Taher El-badawi: I am here, I am sorry to say it, back to the first point, I am here to discuss issue with Islamic tribunal, so please don’t get up ask us to another situation. We are ready for any discussion. It is open.

Glenn: No, I know that.

Taher : We are ready for any point to discuss with, but the main point here, the reason we are here to discuss this issue what kind of cases Islamic tribunal handle, and you start with the sharia. Why the people afraid from sharia? I’m sorry to say it, one point related to this, cut head is not just in sharia law, just in Islamic law. It’s everywhere. Who said that just in Islamic law? That’s even another sharia, in Jewish sharia, in Christian sharia, in American here, we cut we cut head for some reason.

So, I’m asking you an easy question, if anyone kill another, he should get killed by law, by Islamic law, by government. He should get killed. What is wrong with that? If a thief jump, I’m sorry, to your house, scare your wife, scare your children, scare your neighbor, and they did that with our stores, this is the law, the law to cut his hand because if he feels my hands were cut because of that, he will think about this 100 times. He will never do it. If he do that one time, he will never do it again.
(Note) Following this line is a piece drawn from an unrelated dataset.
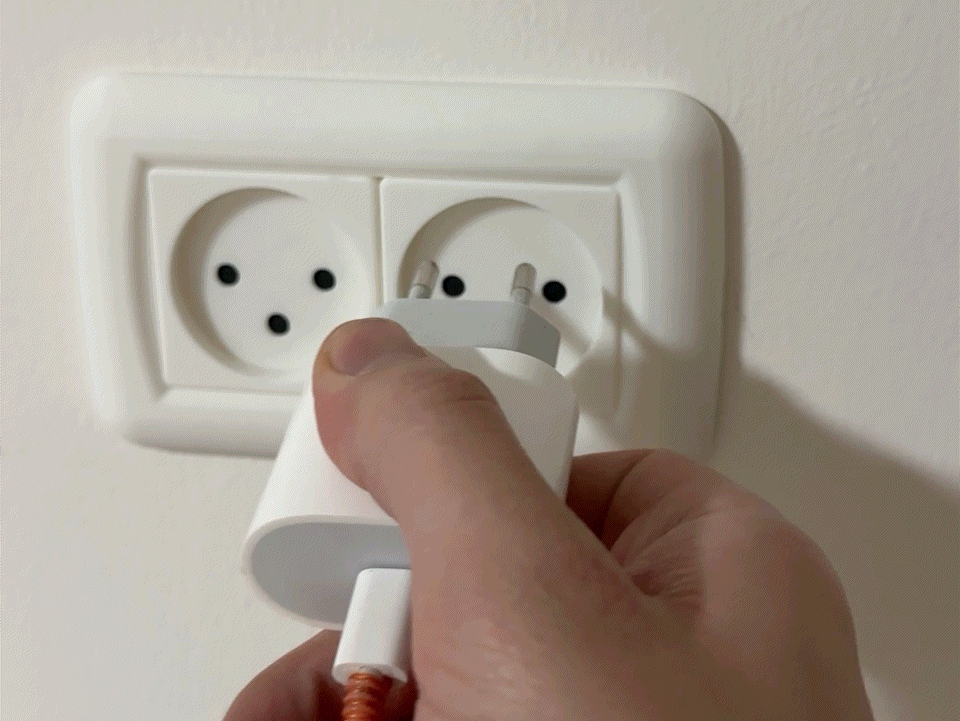 Fake Israeli Socket — thumbnail 2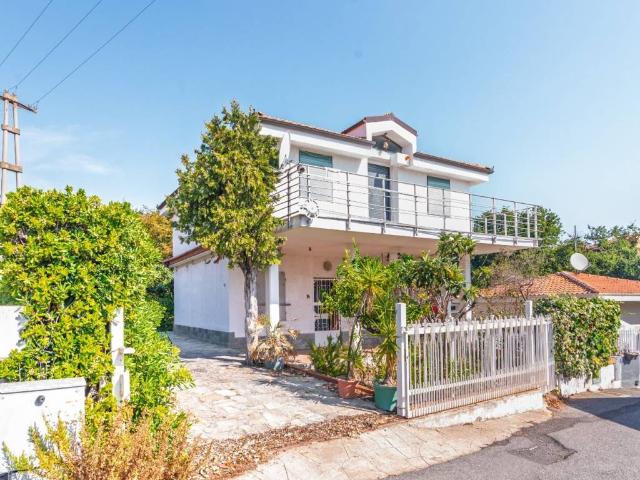 Villa Indipendente in vendita a Ceriale, Liguria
Look how many millions of dollars American here or other states or other states outside spend to keep the criminal in jail, a lot of millions of dollars. We can save that, just let him go, and that’s it, because he did something wrong in the whole community and this kill the whole community. Why not? So, back please to the point. Islamic tribunal, yes, we never deal with anything of that. We don’t have authority for that. We don’t have power for that. We just have two cases.

Glenn: You seem to be okay with that if you had the power for that, but you don’t have the power.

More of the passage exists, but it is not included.